* YOUR INSTRUCTIONS
Stopping right after the line with "Landschapsillustratie", please reproduce the material below exactly from its first line.

* STUDY MATERIAL
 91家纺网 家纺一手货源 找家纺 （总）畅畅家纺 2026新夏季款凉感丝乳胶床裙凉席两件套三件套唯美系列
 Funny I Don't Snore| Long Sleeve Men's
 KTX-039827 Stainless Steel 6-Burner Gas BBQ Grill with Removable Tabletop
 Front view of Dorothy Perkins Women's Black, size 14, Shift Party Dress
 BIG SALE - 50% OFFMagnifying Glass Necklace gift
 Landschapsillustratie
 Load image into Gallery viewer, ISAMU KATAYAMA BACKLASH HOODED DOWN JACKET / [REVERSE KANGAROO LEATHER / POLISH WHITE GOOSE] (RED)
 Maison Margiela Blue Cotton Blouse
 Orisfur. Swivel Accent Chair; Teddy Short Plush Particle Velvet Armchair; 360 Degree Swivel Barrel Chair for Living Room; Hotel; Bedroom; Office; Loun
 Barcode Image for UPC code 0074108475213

* YOUR RESPONSE
 91家纺网 家纺一手货源 找家纺 （总）畅畅家纺 2026新夏季款凉感丝乳胶床裙凉席两件套三件套唯美系列
 Funny I Don't Snore| Long Sleeve Men's
 KTX-039827 Stainless Steel 6-Burner Gas BBQ Grill with Removable Tabletop
 Front view of Dorothy Perkins Women's Black, size 14, Shift Party Dress
 BIG SALE - 50% OFFMagnifying Glass Necklace gift
 Landschapsillustratie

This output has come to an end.